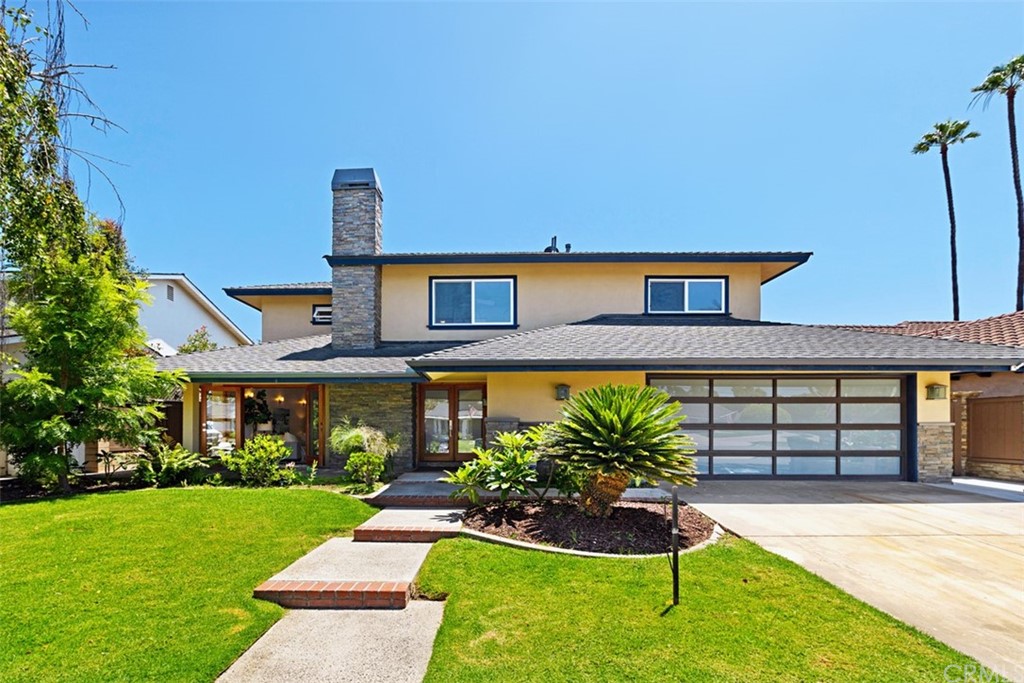9122 Regatta Drive Huntington Beach, CA 92646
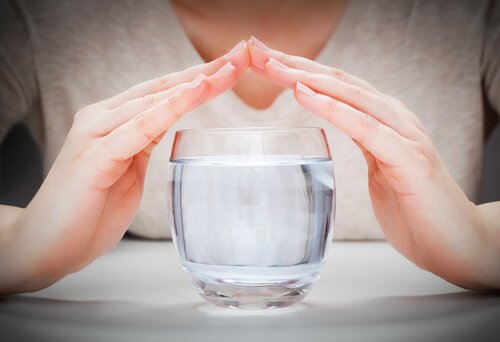 Five reasons to start drinking more water.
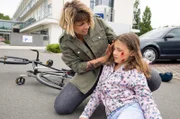 Mo (Jaela Carlina Probst) und Kiki (Anais Sterneckert)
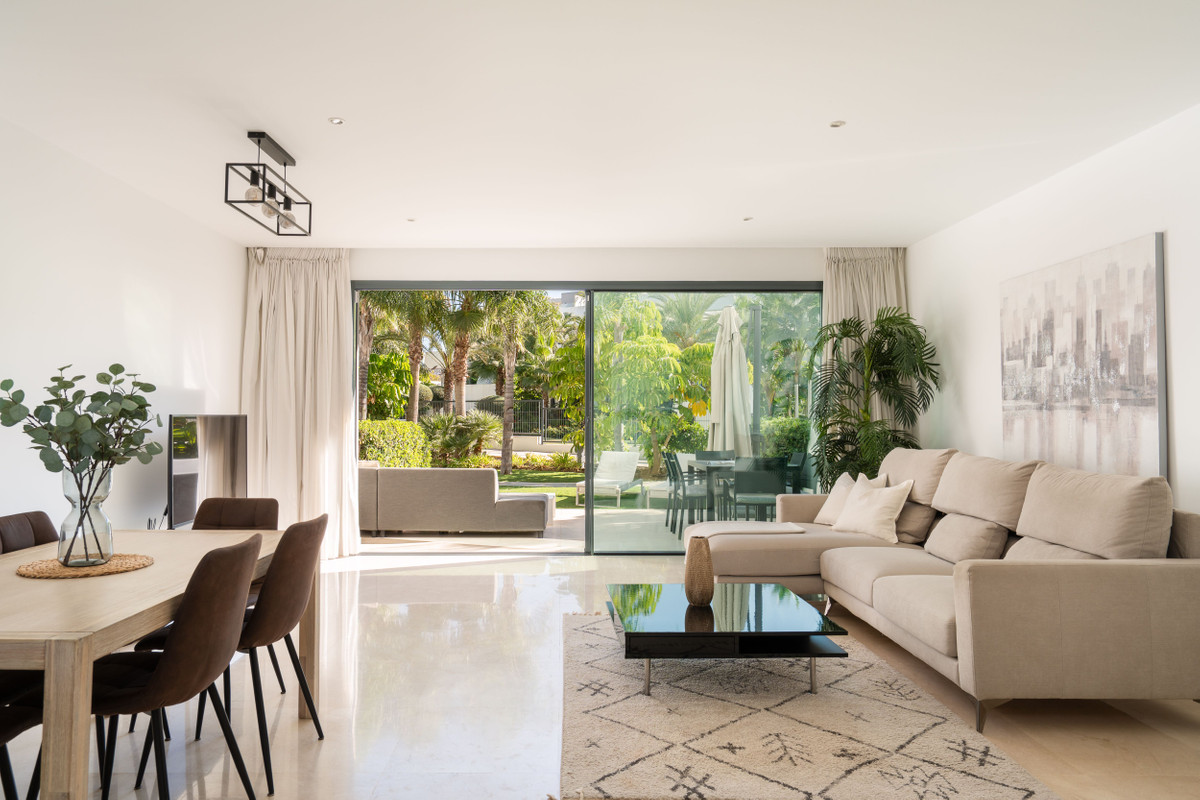Adosados de 4 dormitorios en venta en La Cala de Mijas – R5153440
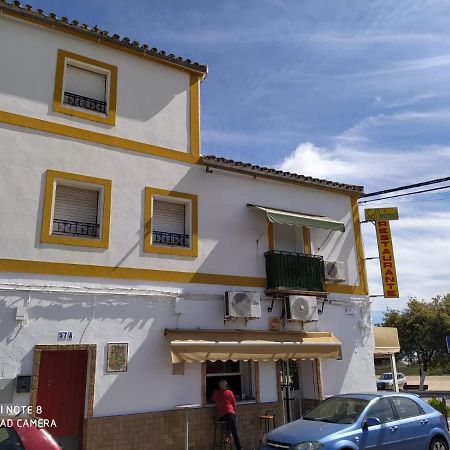 La Casa Del Montero Apartment El Pedroso Bagian luar foto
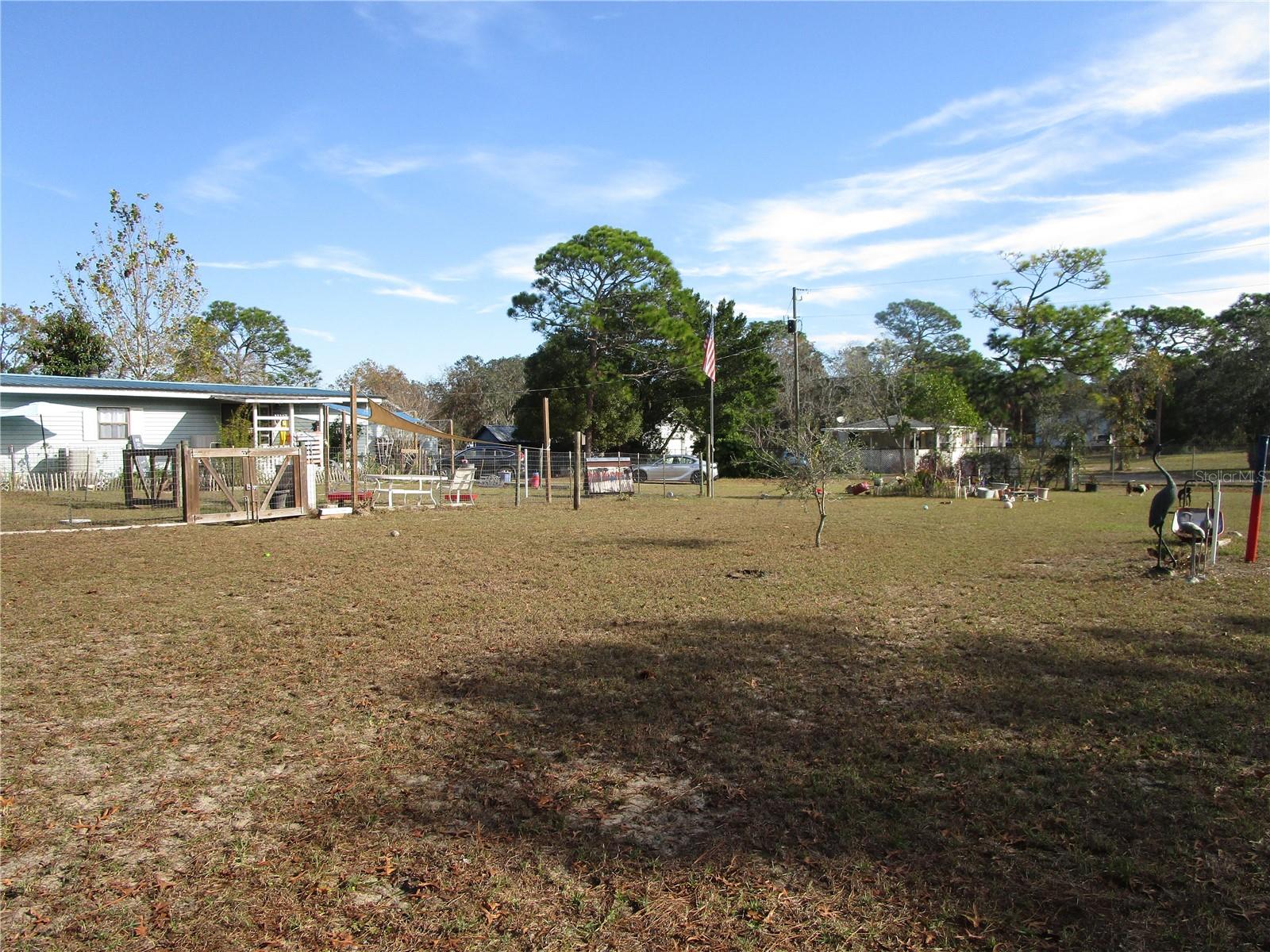 LEISURE HILLS - Residential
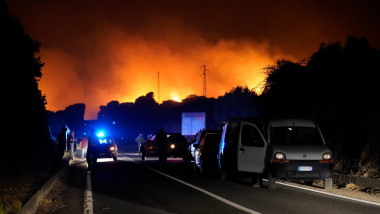 Incendii care devastează o parte a insulei Sardinia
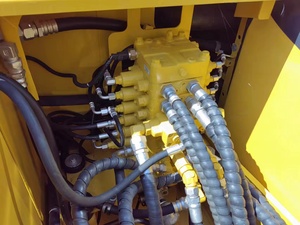 Hot <b>sale</b> used Japan original <b>excavators</b> Komatsu PC130-7 PC130-<b>8</b> pc130-8M0 favorable price <b>for</b> mining construction working - Product Image 5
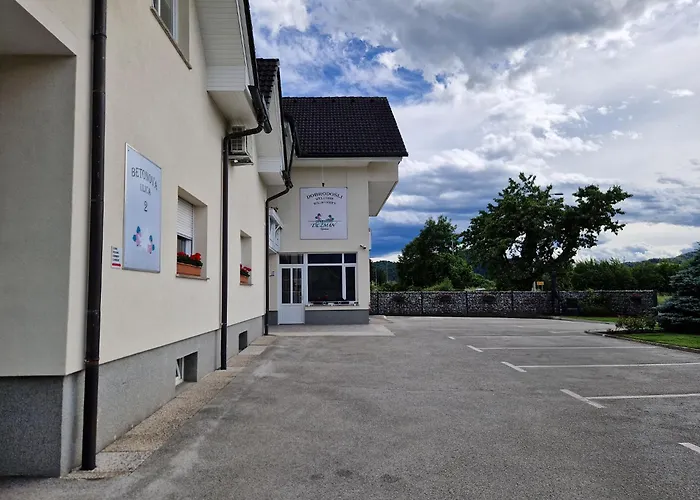 Dezman Apartments & Rooms Kranj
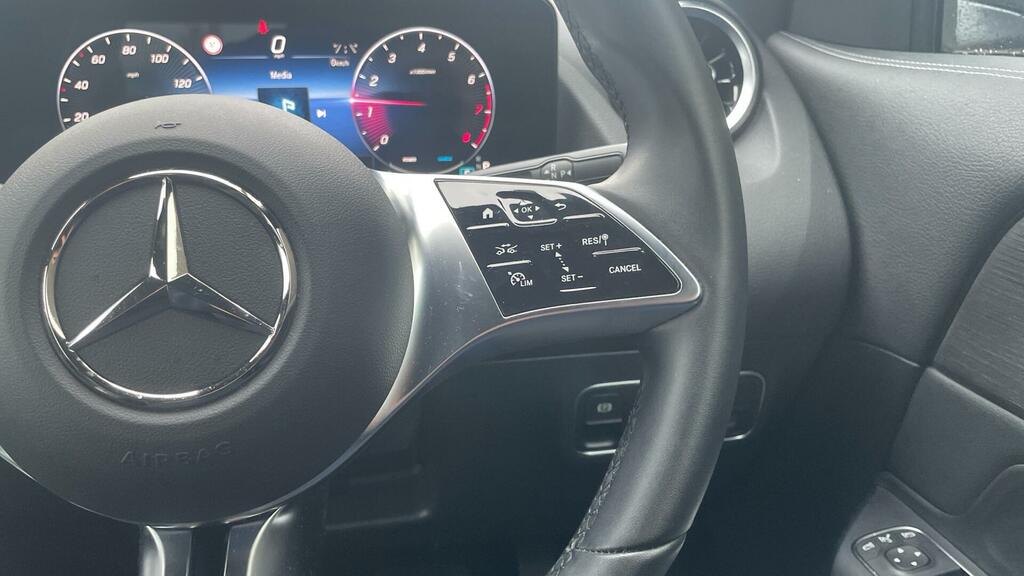 Mercedes-Benz GLA Class 200 Amg Line Executive Grey #40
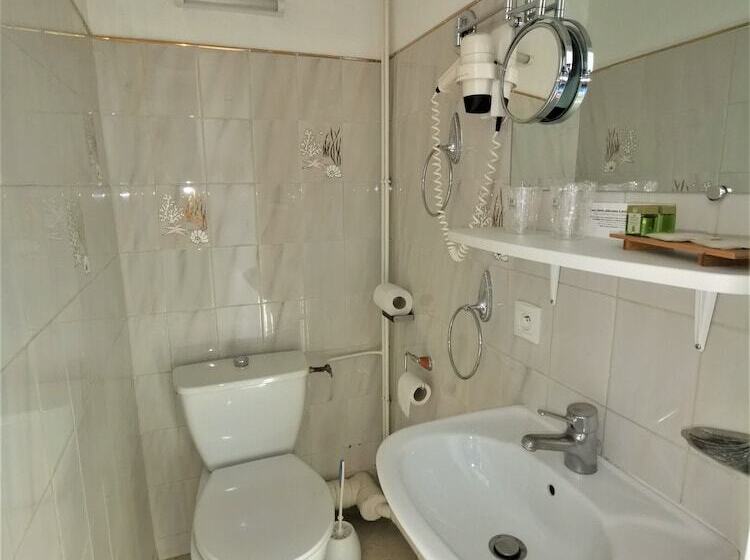 חדר סטנדרט, Logis Hotel Le Relais De La Poste Restaurant Le Fil Du Temps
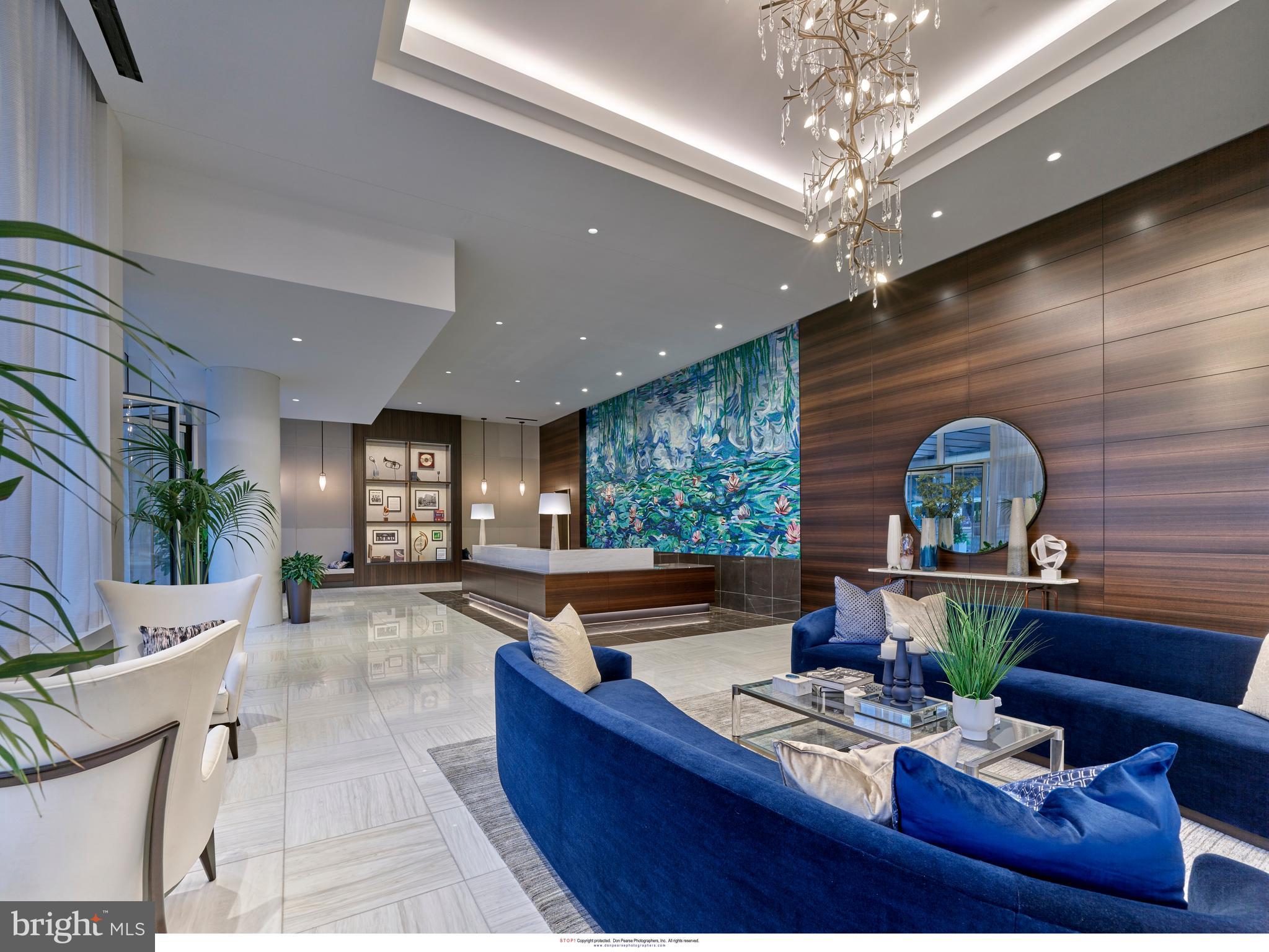 AVENUE OF THE ARTS - Residential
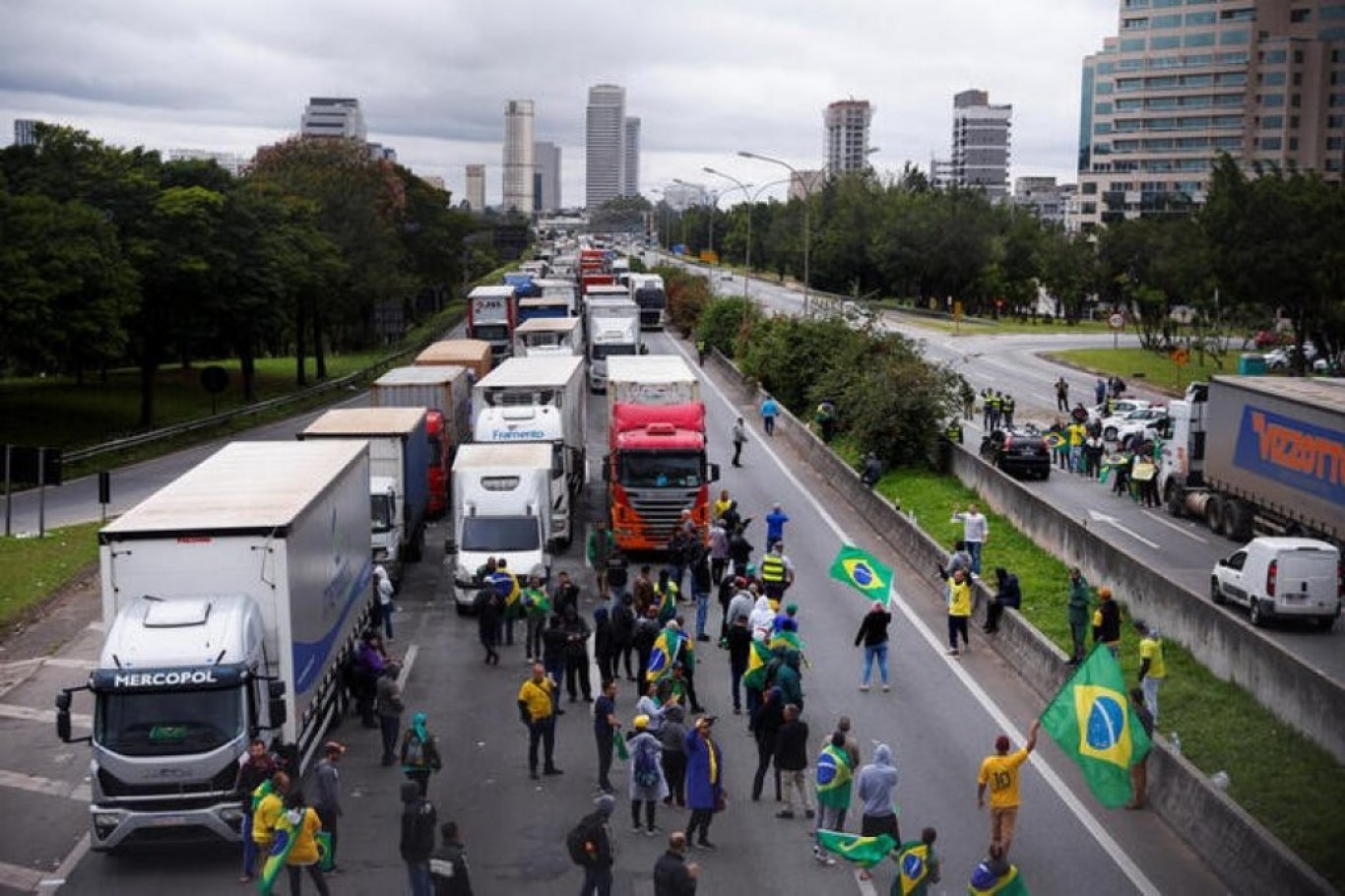 Brasil: tras dos días de máxima tensión despejan los bloqueos de las rutas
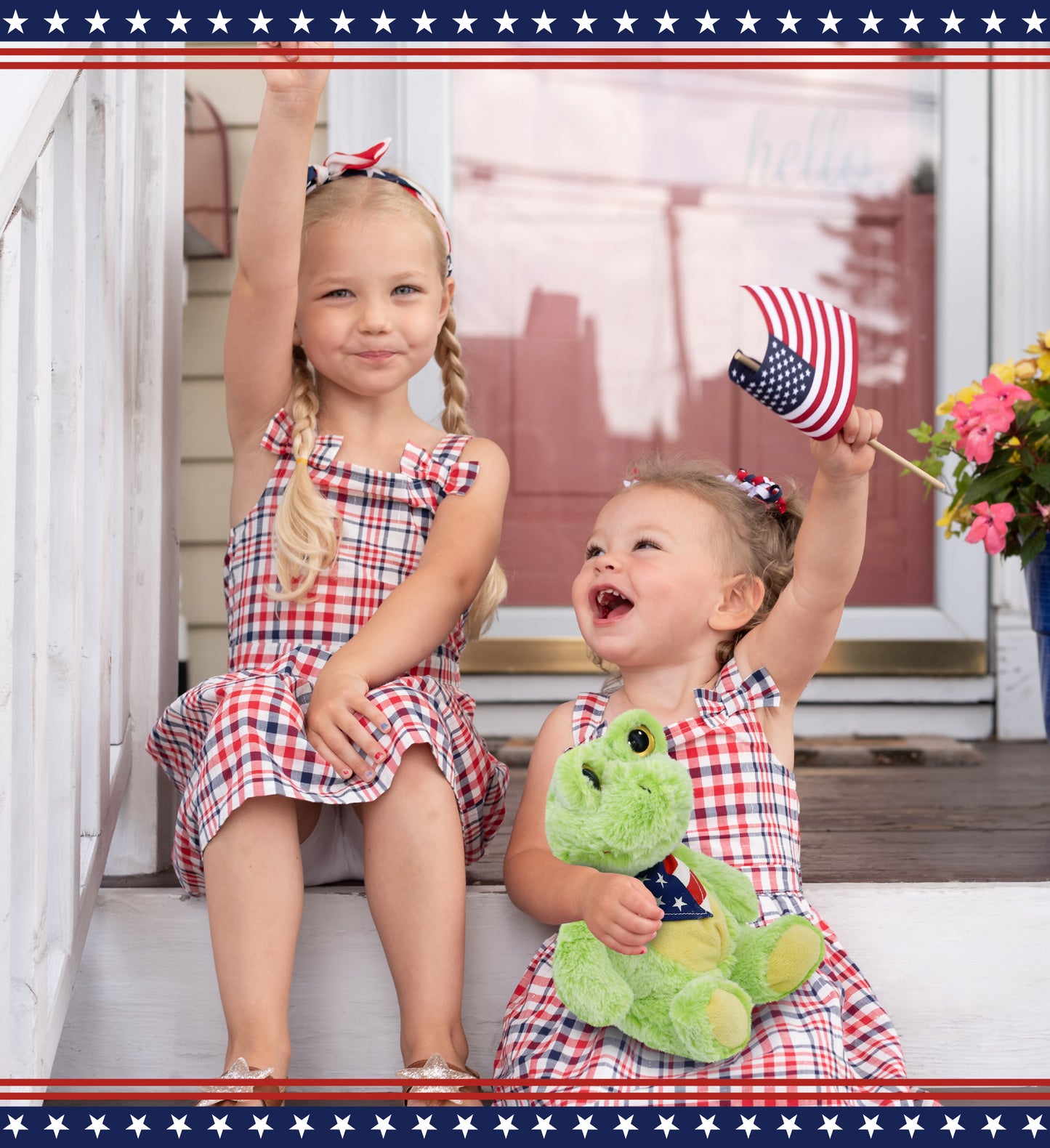 SUPER-SOFT PLUSH - SITTING FROG WITH USA FLAG BANDANA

- [What is being asked]: What should come back is an exact copy of the lines above from the line with "Incendii care devastează" to the line with "Dezman Apartments & Rooms Kranj", both included, minus the pictures.

- [Response box]:
 Incendii care devastează o parte a insulei Sardinia
 Hot <b>sale</b> used Japan original <b>excavators</b> Komatsu PC130-7 PC130-<b>8</b> pc130-8M0 favorable price <b>for</b> mining construction working - Product Image 5
 Dezman Apartments & Rooms Kranj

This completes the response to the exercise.